Aaron Rubashkin, 80, owner of slaughterhouse Agriprocessors, said the high percentage of illegal immigrants working for him is the result of U.S. immigration policy failures and denied claims cited in a government affidavit that workers were paid $5 for an hour's work, the Jewish Telegraph Agency reported Friday.
The owner also denied claims in the affidavit that a Jewish kosher supervisor at the company's Postville, Iowa, plant placed duct tape over a worker's eyes and assaulted him with a meat hook. The affidavit also claims methamphetamine was being produced at the plant.
"Everything is a lie," Rubashkin said of the allegations against his business.

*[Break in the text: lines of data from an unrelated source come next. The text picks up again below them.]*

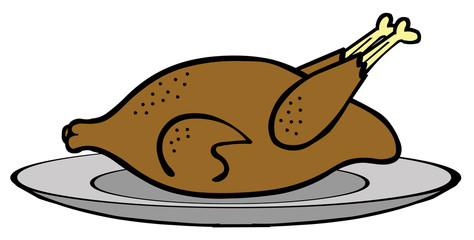 Delicious Turkey on Plate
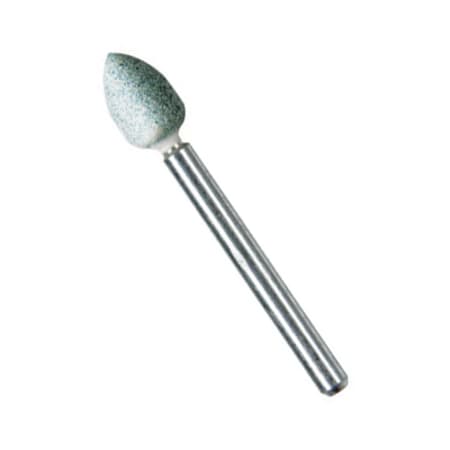 A relevant stock photo of dremel's green silicon carbide grinding stones in a typical setting.
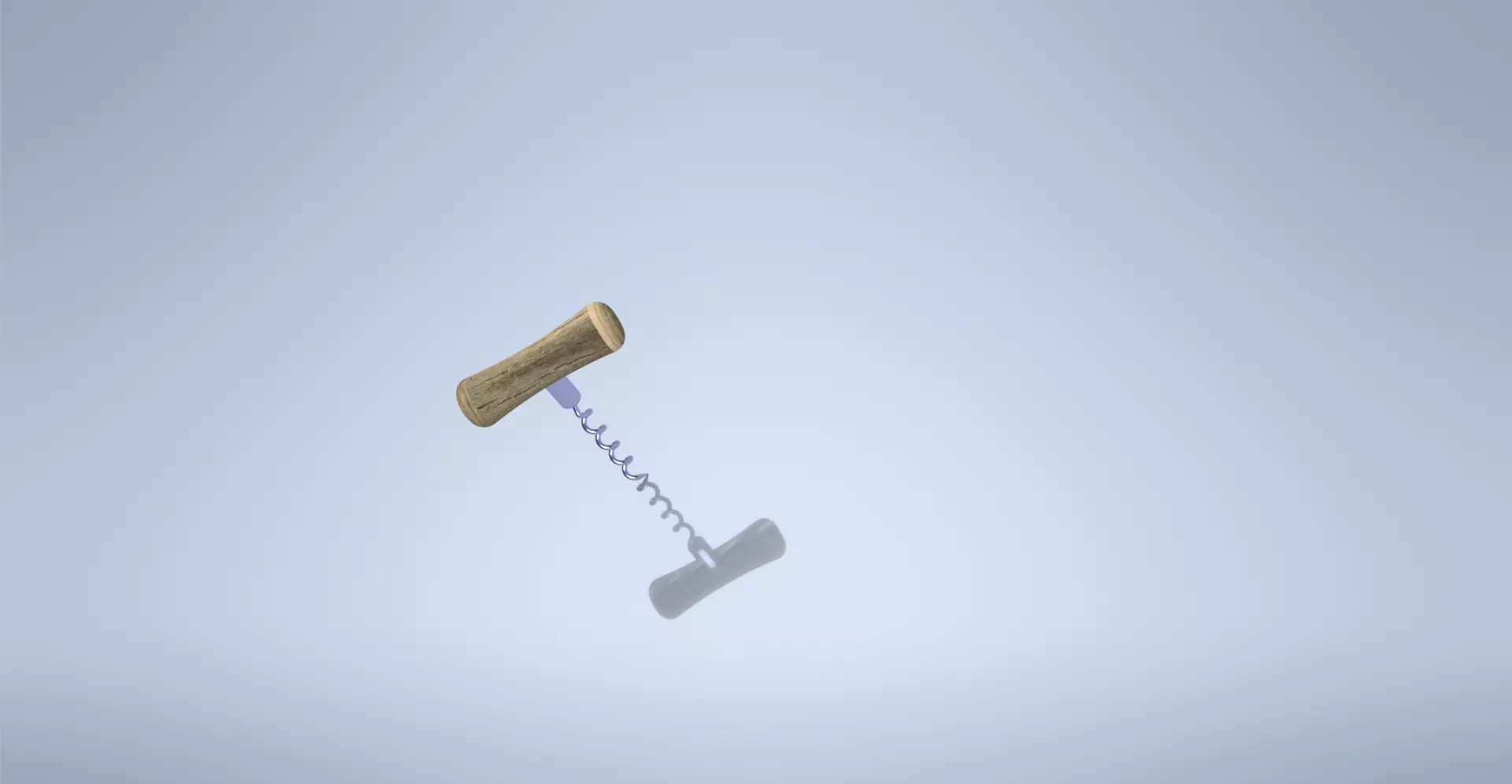 Corkscrew for wine bottles Free 3D model
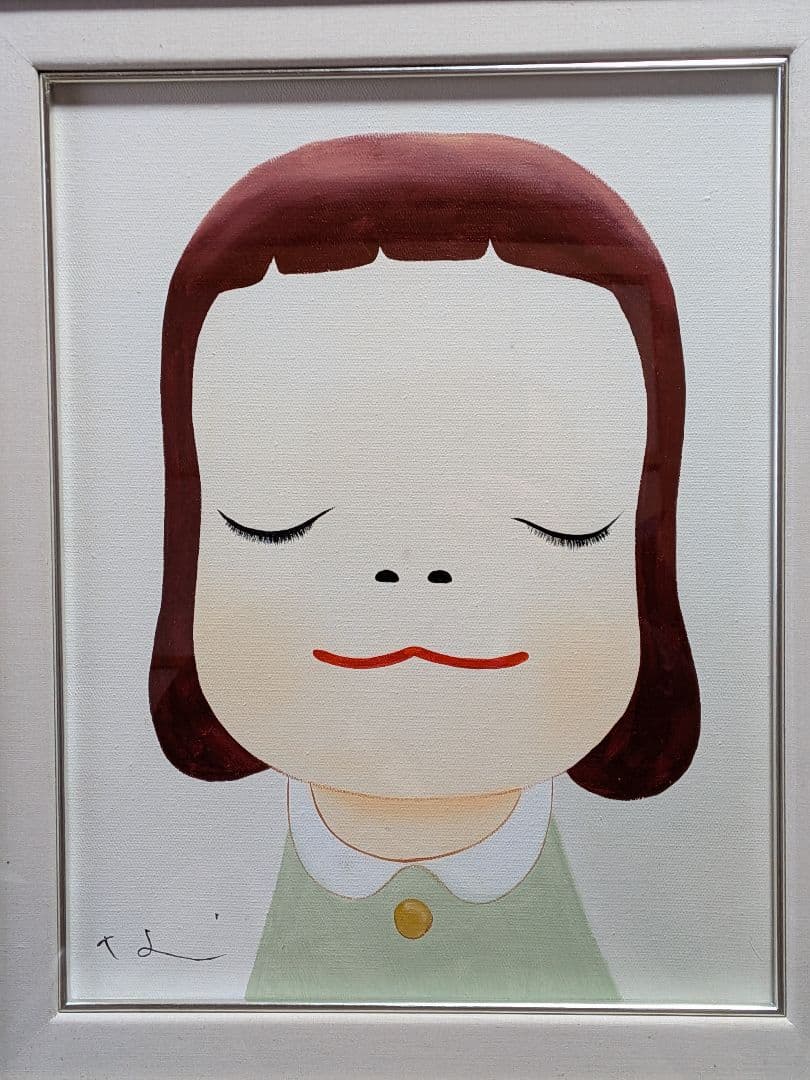 【油彩画】(奈良美智)［手描き作品]「1点物」
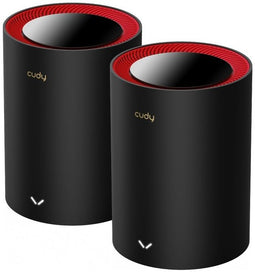 Cudy M3000 - Mesh-systeem - Wi-Fi 6 2402 Mbit/s - Zwart (2-pack)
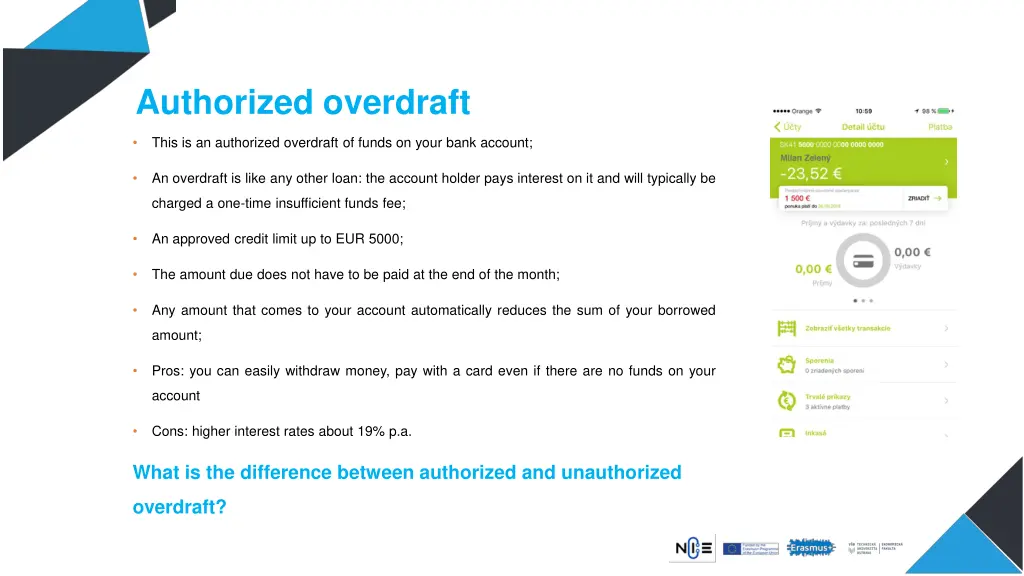 authorized overdraft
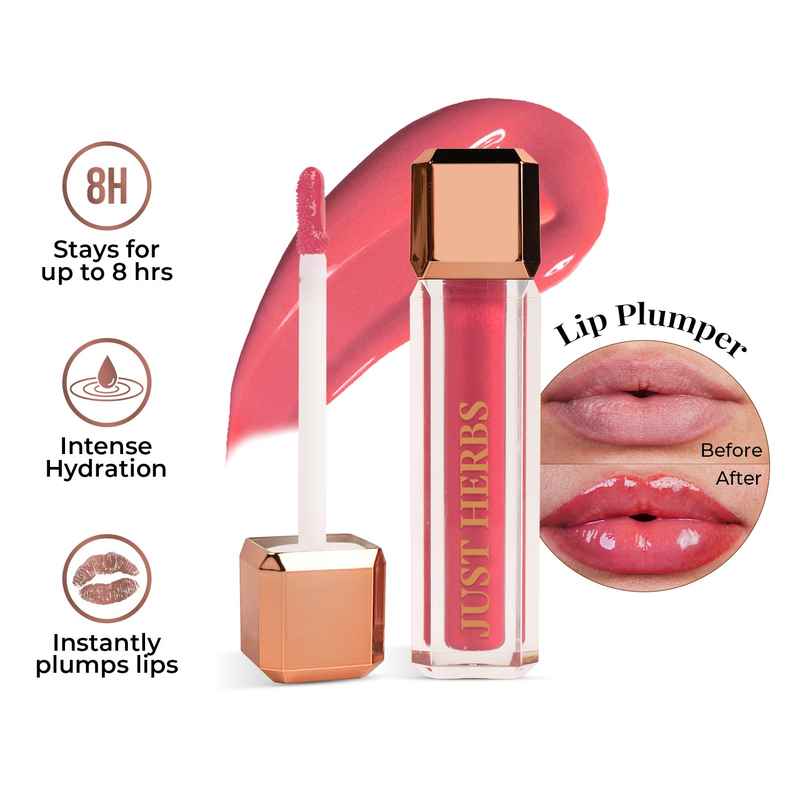 Just Herbs Honey Bunny Non Stick Lip Plumping Gloss With Vit C And Peppermint Oil For Women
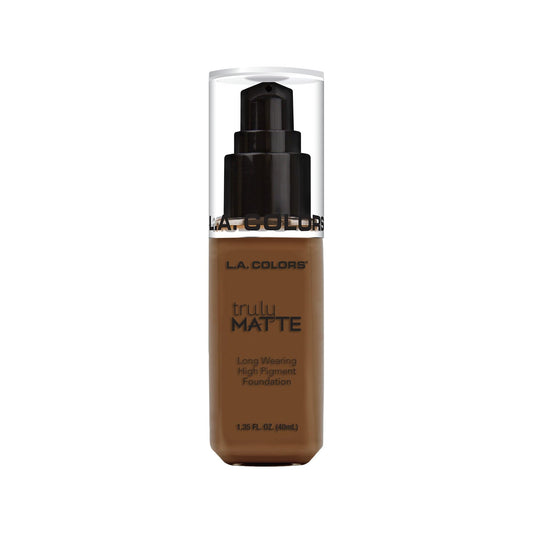 L.A. COLORS Truly Matte Foundation, Mahogany CLM364
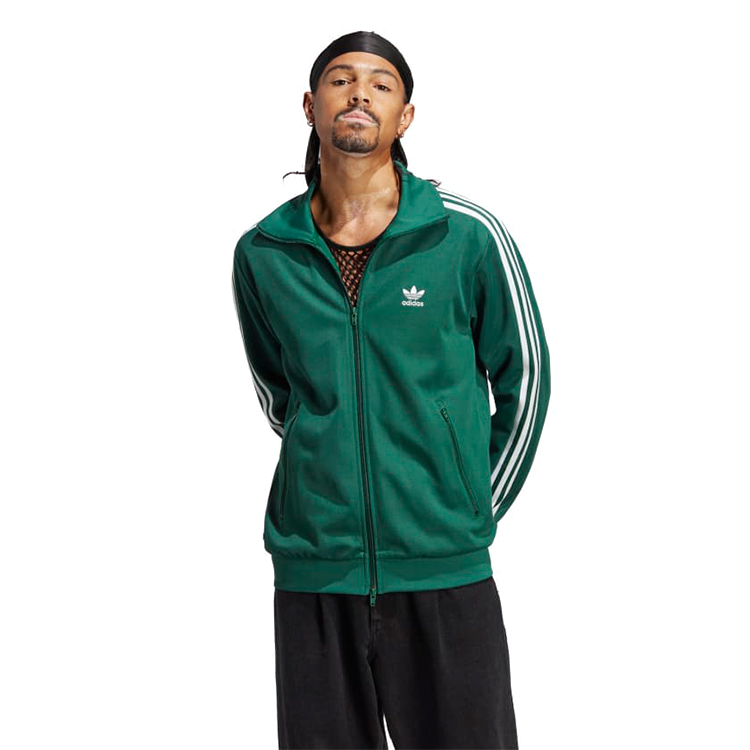 Hanorac pt bărbați Adidas BECKENBAUER TT 2XL Verde photo 2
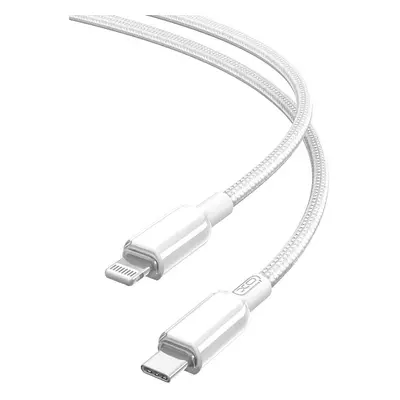 USB datový kabel Apple Lightning / USB-C XO NB-Q250A PD 27W 1m náhrada MKQ42ZM/A bílý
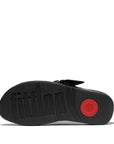 Lulu Resin-Buckle Leather Cross Slides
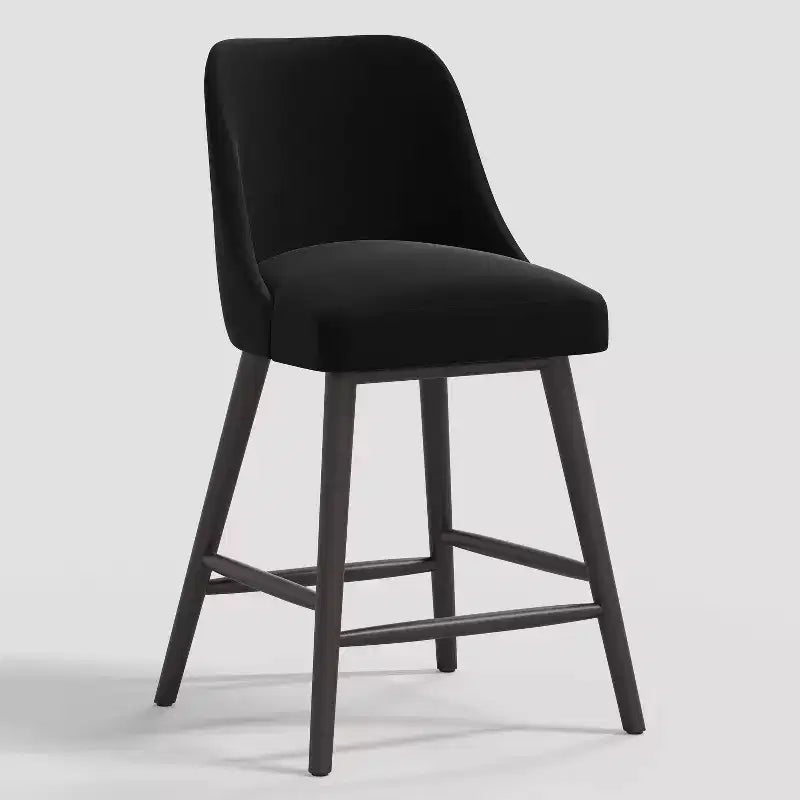 27 Geller Counter Height Barstool with Footrest Velvet - Threshold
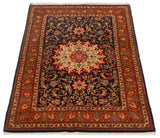 27081-Ghom Hand-knotted/Handmade Persian Rug/Carpet Traditional Authentic/ Size: 5'5" x 3'3"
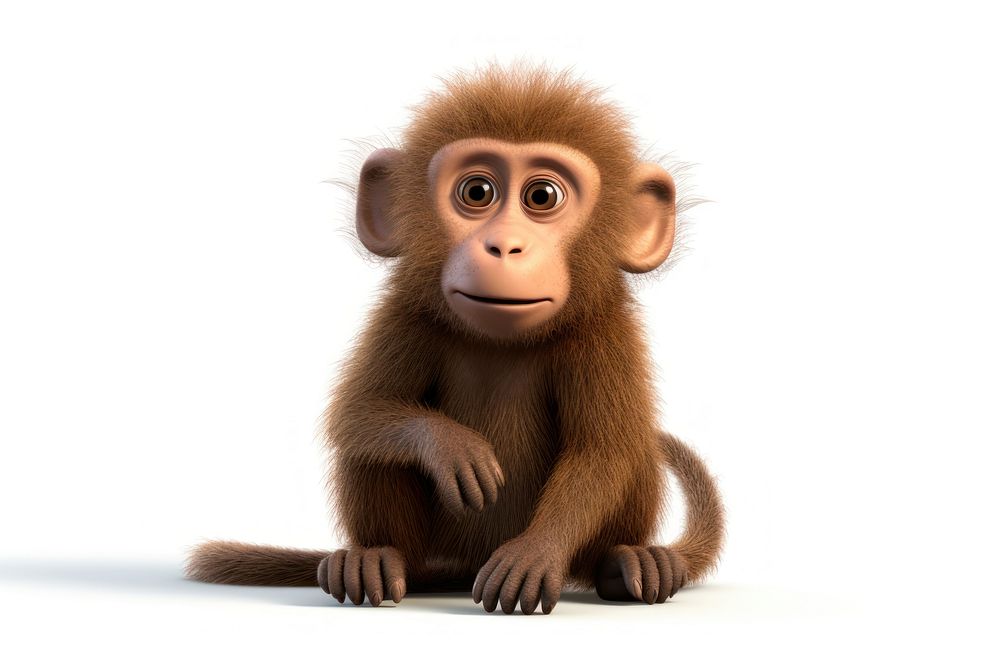 Wildlife monkey mammal animal. AI generated Image by rawpixel.
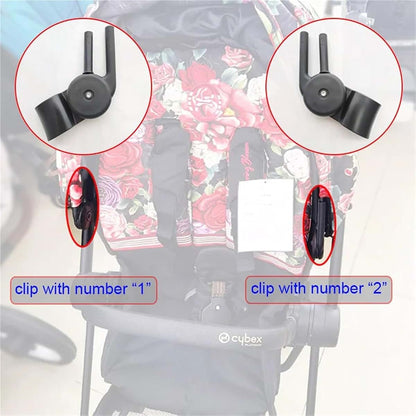 Bingche Stroller Canopy Support Bar Clips for Cybex Priam and Mios (photo 2)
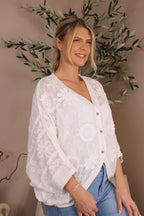 Valencia Embroidered Shacket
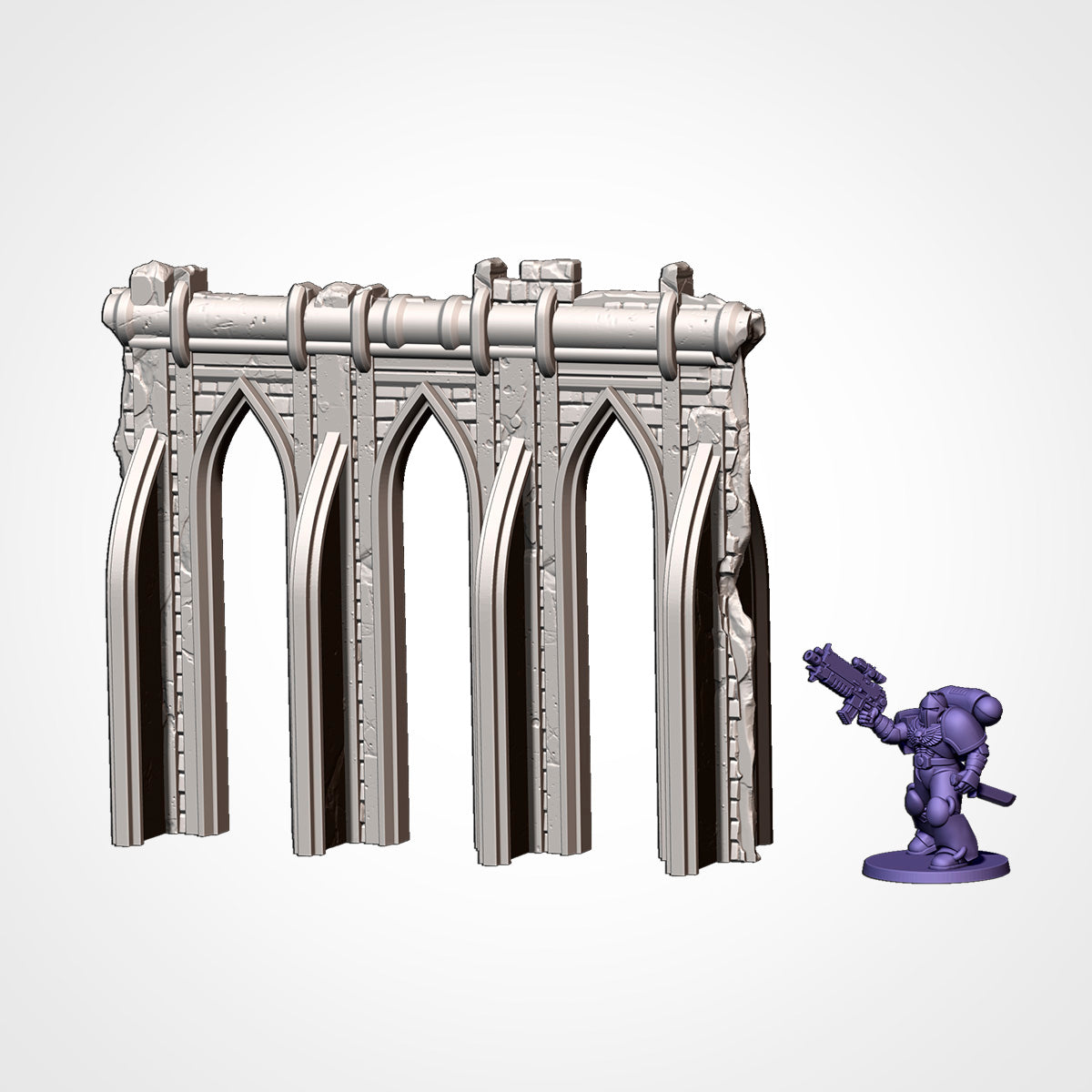 Txarli Factory - City Ruins Scenery Pack (11th Edition Update)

"We got 21 or 23 inspectors," Rubashkin said in a thick Yiddish accent. "Every minute the plant is open, there is (United States Department of Agriculture) inspector. We got maybe 30 rabbis. How can we do something which is wrong? If I want to, God forbid! We are ethical people. We don't do no injustice to nobody, not to a cat."
More than one third of the employees at the Agriprocessors plant were detained by the government on immigration charges during a May 12 raid.